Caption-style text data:
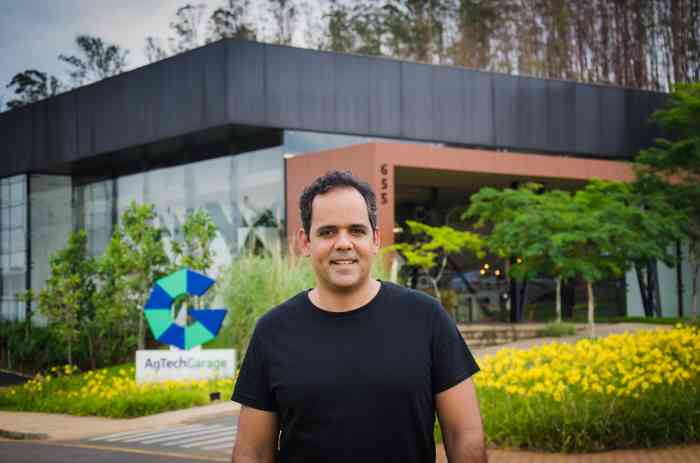 AgTech Garage lança serviço para destravar inovação em grandes empresas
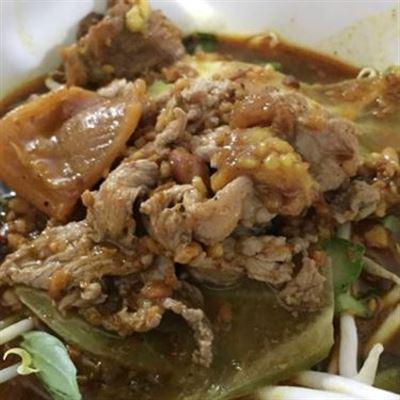 Hủ Tiếu Sa Tế – Phan Văn Khỏe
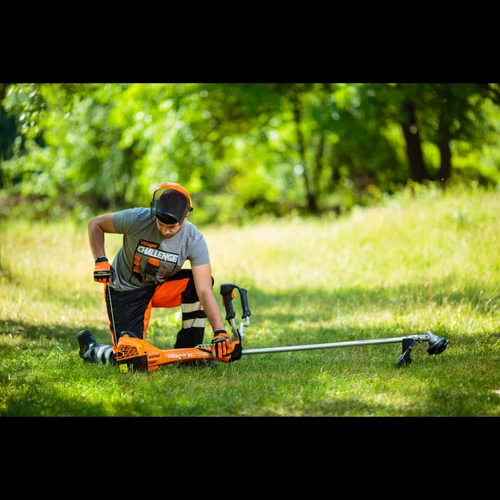 Fűkasza Villager BC 2700 XCE kép 3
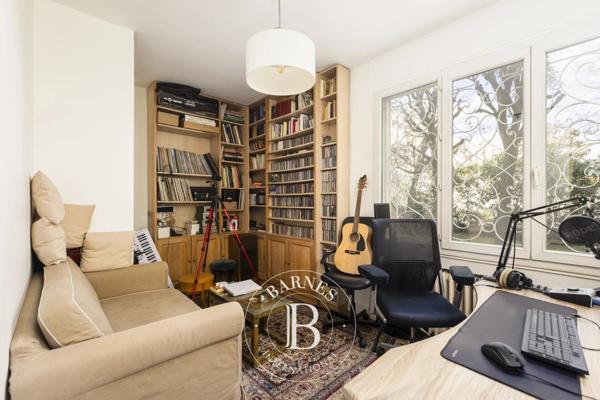 Neuilly-sur-Seine, Appartement 5 Chambres -  176 m² à vendre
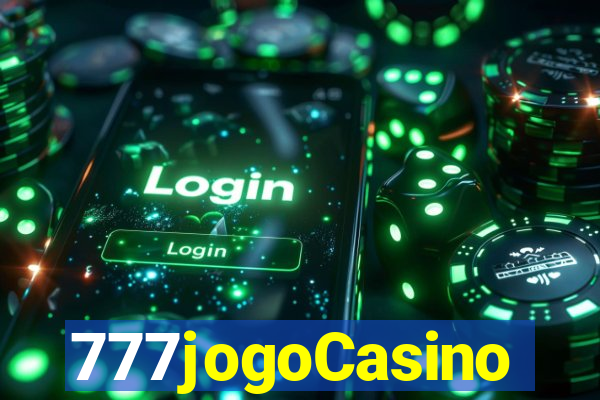 777jogoCasino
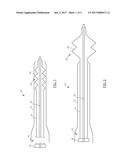 Tissue Displacement Apparatus For Medical Procedures diagram and image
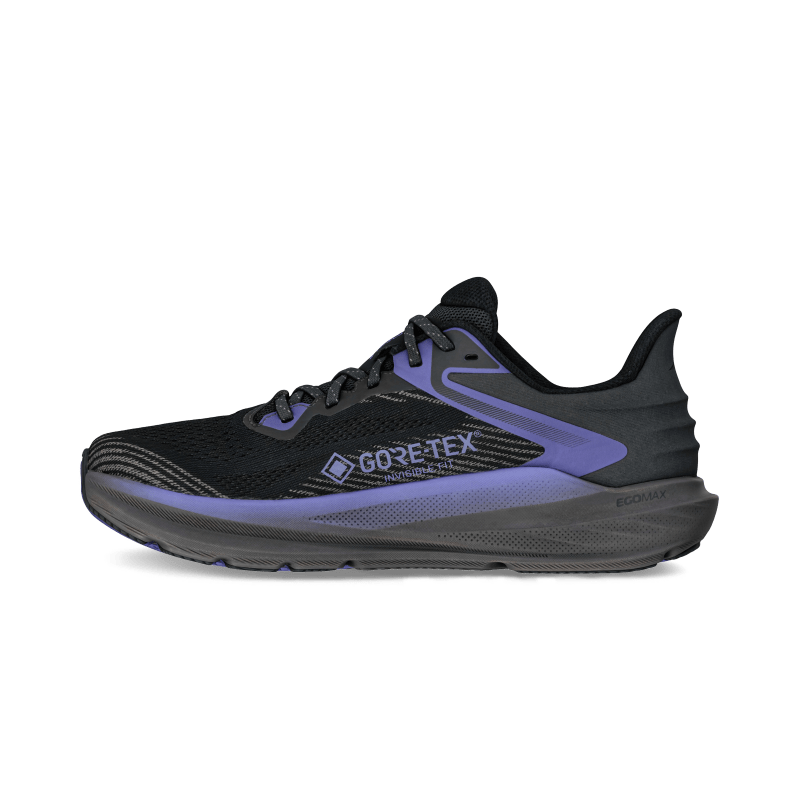 Altra Torin 8 GTX - Gray/Purple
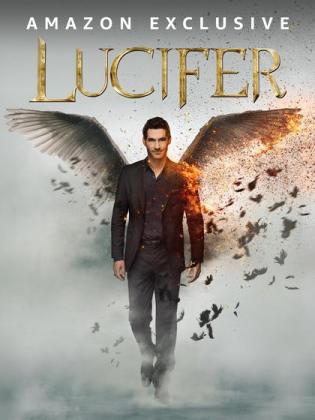 Lucifer - Staffel 5b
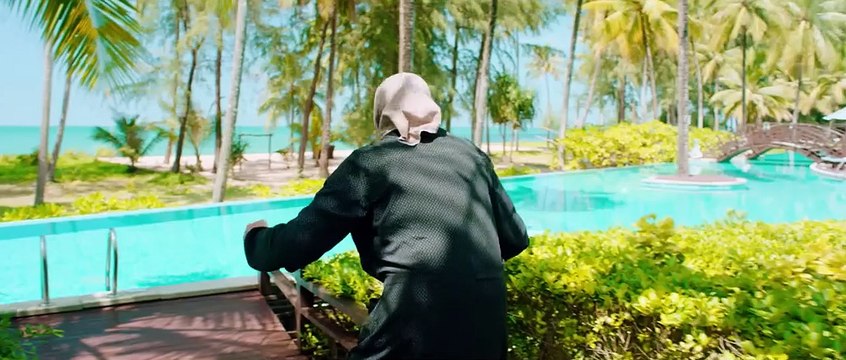 LES BODIN'S EN THAÏLANDE (2021) WEB-DL XviD AC3 FRENCH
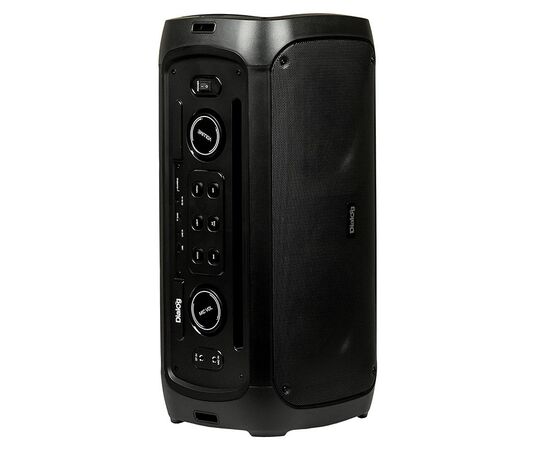  Портативная акустика напольная Dialog Oscar AO-250 (black) (203578) 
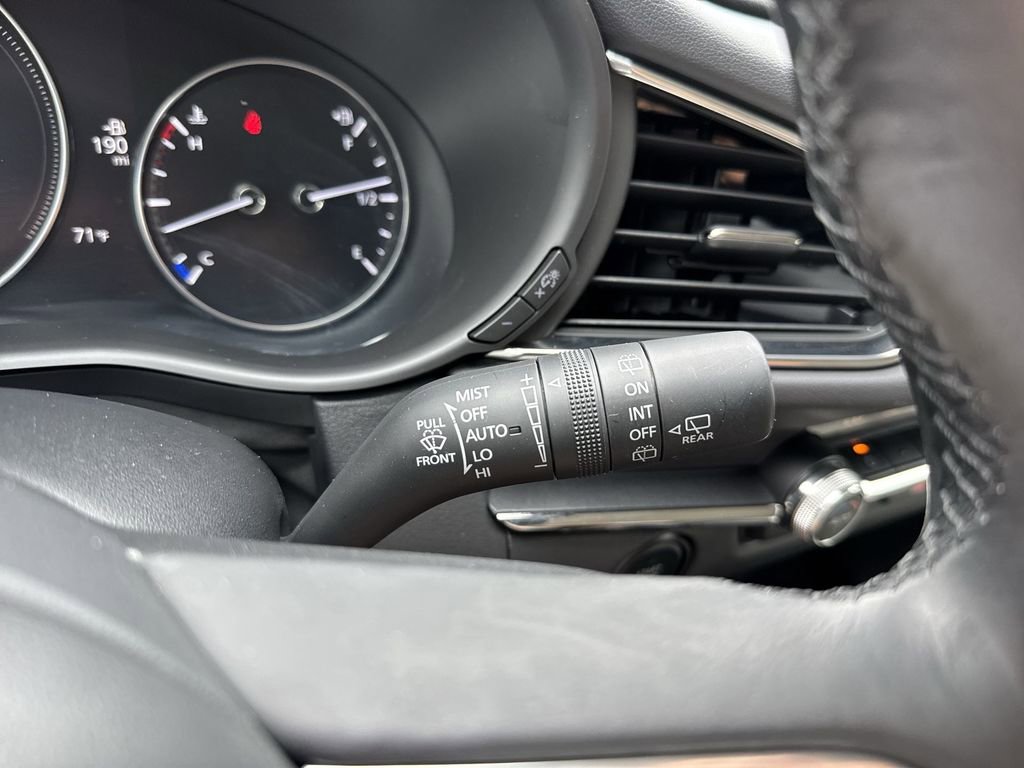 Certified 2023 MAZDA CX-30 AWD 2.5 S w/ Preferred Package image 55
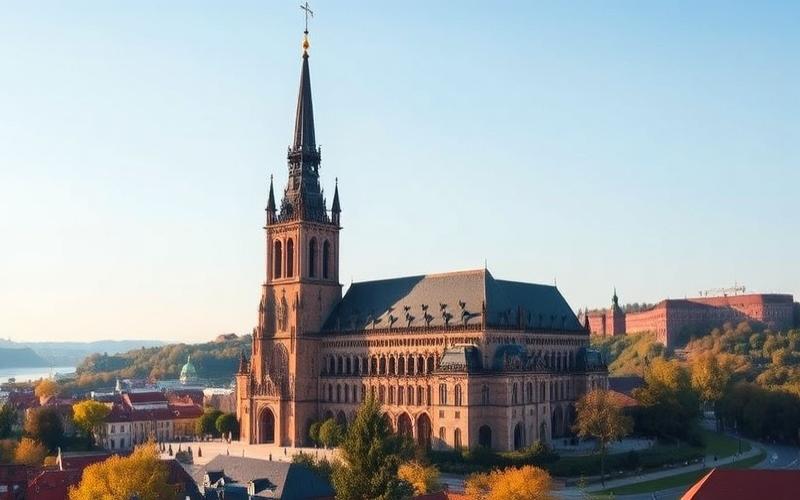 Co-living en Pologne : l’essor de l’immobilier partagé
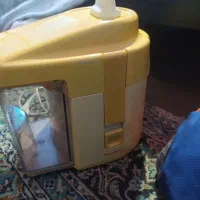 دستگاه آبمیوه گیری مولینت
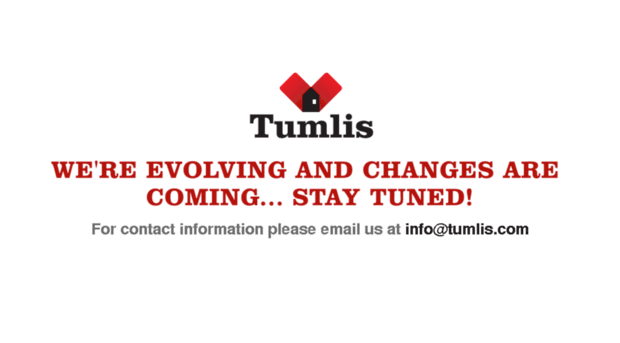 tumlis.gfdev.net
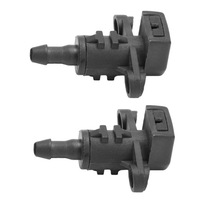 фото thumb №8, Насадка распылителя передней стекло 5182327aa заменитель dla dodge challenger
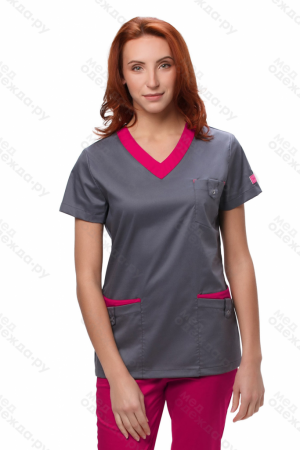 Блузонхирургический женский 3-03 от магазина Рабочий класс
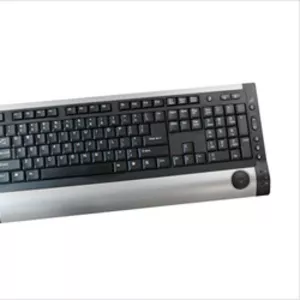 Клавиатура INTEX  IT-2027M  USB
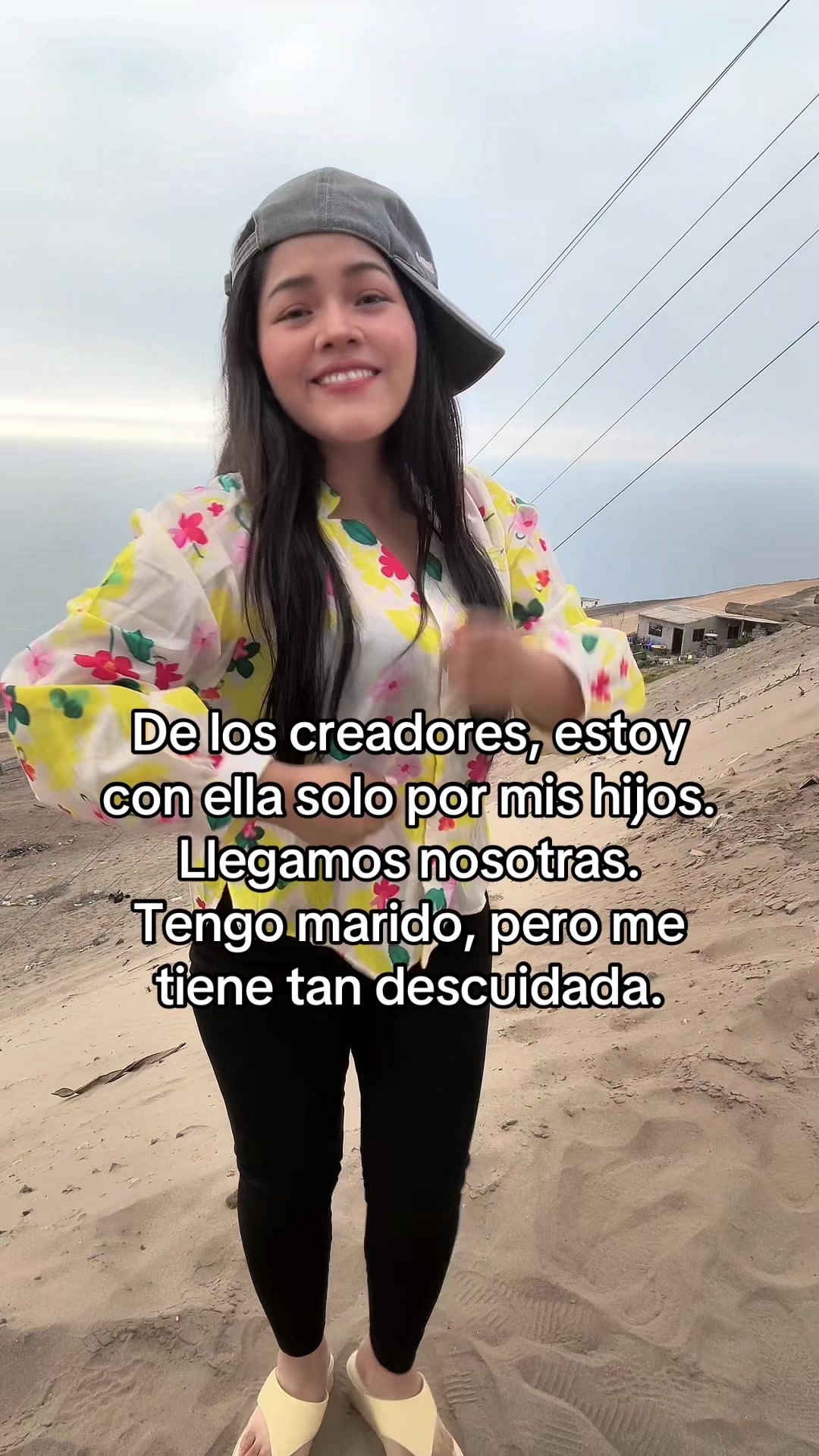 @Esther Sedano 🍊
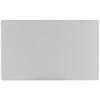 Laptop Accessories Replacing Part Trackpad Applicable for MacBook 12inch A1534 2016Silver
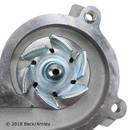 Beck/Arnley Engine Water Pump 131-2429 - view 4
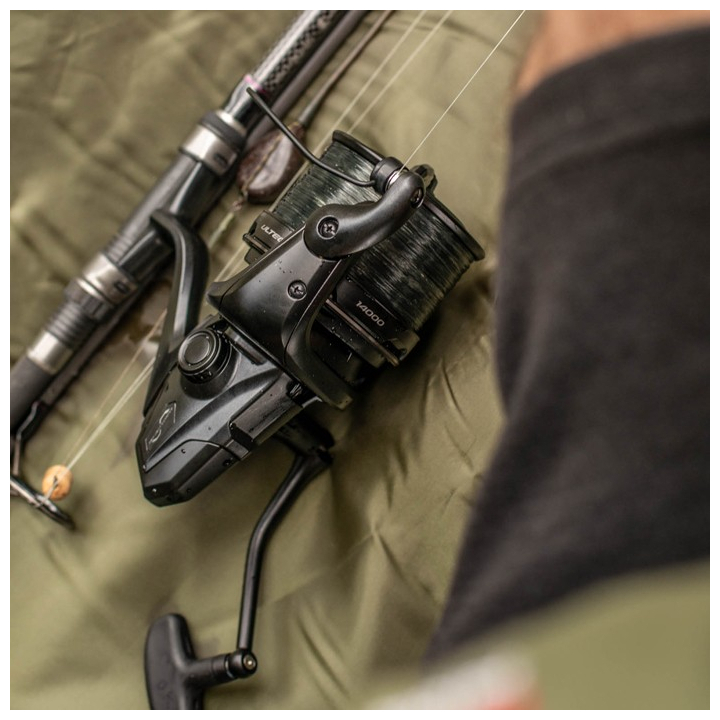 Shimano Ultegra XTE 14000 Fishing Reel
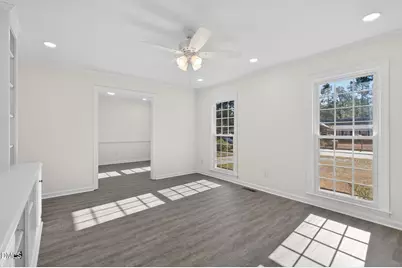 1204 Queen Anne Road NW, Wilson, NC 27896 - Photo 7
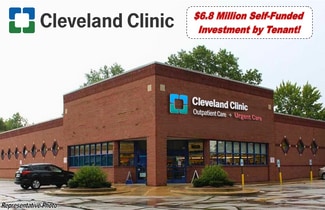 More details for 780 High St, Wadsworth, OH - Office for Sale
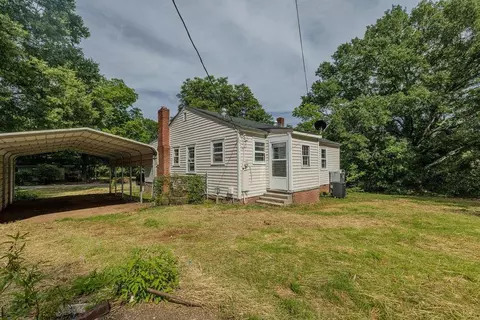 Exterior - 12 A St, Williamston, SC 29697 photo 2 of 5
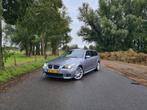 BMW 5-Serie 545i Touring AUT 2004 Grijs PANO Headup M-Sport, Automaat, Achterwielaandrijving, 1700 kg, 109 €/maand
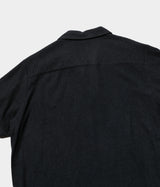 A.PRESSE 2026 Style2 "Wool Skipper Shirt"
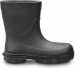 SR Max SRM8450 Everett, Unisex, Black, Pull On Style, MaxTRAX Slip Resistant, Soft Toe Work Boot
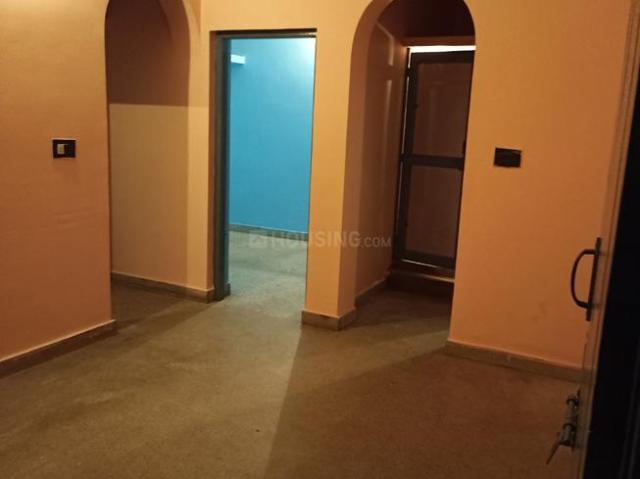 1 BHK Independent Builder Floor in Amrutahalli for rent Bengaluru. The reference number is 12059628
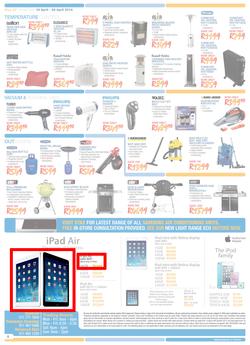 Stax : Best Service (19 Apr - 28 Apr 2014), page 8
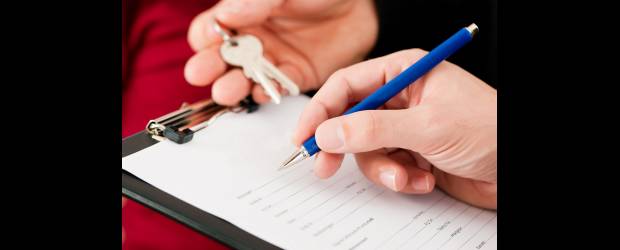 Razones para desocupar una casa arrendada | El contrato de arrendamiento es aquel por el cual una parte se obliga a proporcionar a otra el goce de una cosa durante cierto tiempo y la otra a pagar por este goce a un precio determinado.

> Exercise prompt:
When you reach the line containing "Fűkasza Villager BC 2700 XCE kép 3" in the entries above, begin restating word for word, and stop once the line containing "Портативная акустика напольная" has been given. Omit the pictures.

> Response area:
 Fűkasza Villager BC 2700 XCE kép 3
 Neuilly-sur-Seine, Appartement 5 Chambres -  176 m² à vendre
 777jogoCasino
 Tissue Displacement Apparatus For Medical Procedures diagram and image
 Altra Torin 8 GTX - Gray/Purple
 Lucifer - Staffel 5b
 LES BODIN'S EN THAÏLANDE (2021) WEB-DL XviD AC3 FRENCH
  Портативная акустика напольная Dialog Oscar AO-250 (black) (203578) 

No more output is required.